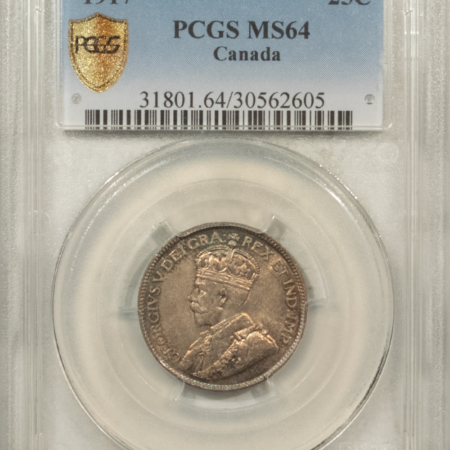 New Certified Coins CANADA 1917 TWENTY FIVE CENTS 25C, KM-24 – PCGS MS-64, FRESH & PRETTY! GEORGE V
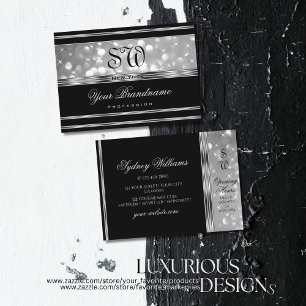 Luxury Black Silver Glitter Sparkle Stars Monogram Business Card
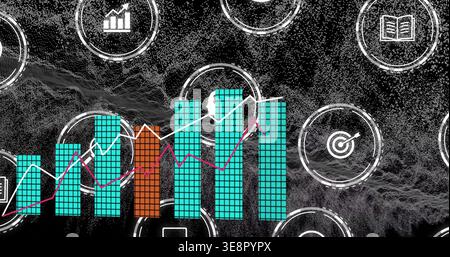 Displaying clustered bar chart on dashboard with teal bars, orange bar, white-magenta lines, icons Stock Photo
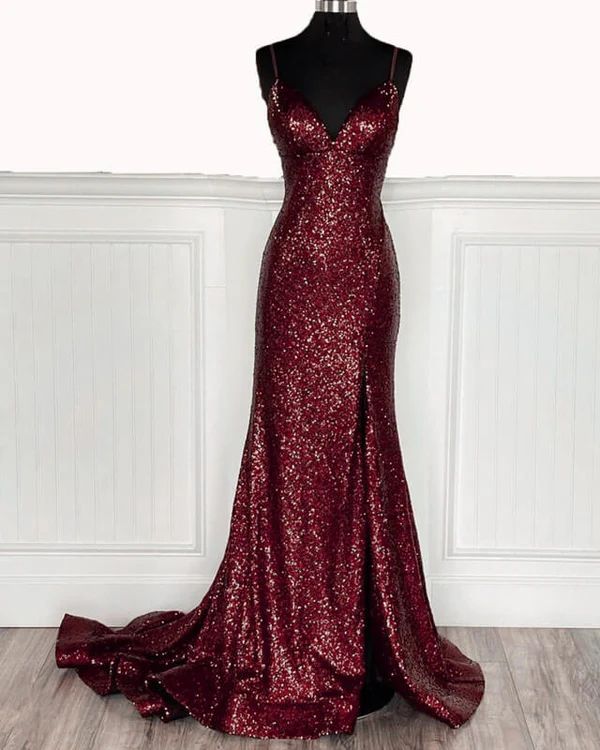 Stunning Mermaid Spaghetti Straps Burgundy Sequin Slit Long Prom Dress, Party Dress, Evening Dress GG2453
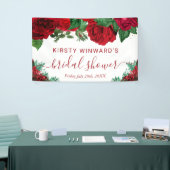 水彩赤いバラのウェディングシャワー歓迎 横断幕 (トレードショー)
● ● ● ●
WORK INSTRUCTION:
Retype all entries exactly; omit pictures.

WRITTEN REPLY:
 New Certified Coins CANADA 1917 TWENTY FIVE CENTS 25C, KM-24 – PCGS MS-64, FRESH & PRETTY! GEORGE V
 Luxury Black Silver Glitter Sparkle Stars Monogram Business Card
 Displaying clustered bar chart on dashboard with teal bars, orange bar, white-magenta lines, icons Stock Photo
 Stunning Mermaid Spaghetti Straps Burgundy Sequin Slit Long Prom Dress, Party Dress, Evening Dress GG2453
 水彩赤いバラのウェディングシャワー歓迎 横断幕 (トレードショー)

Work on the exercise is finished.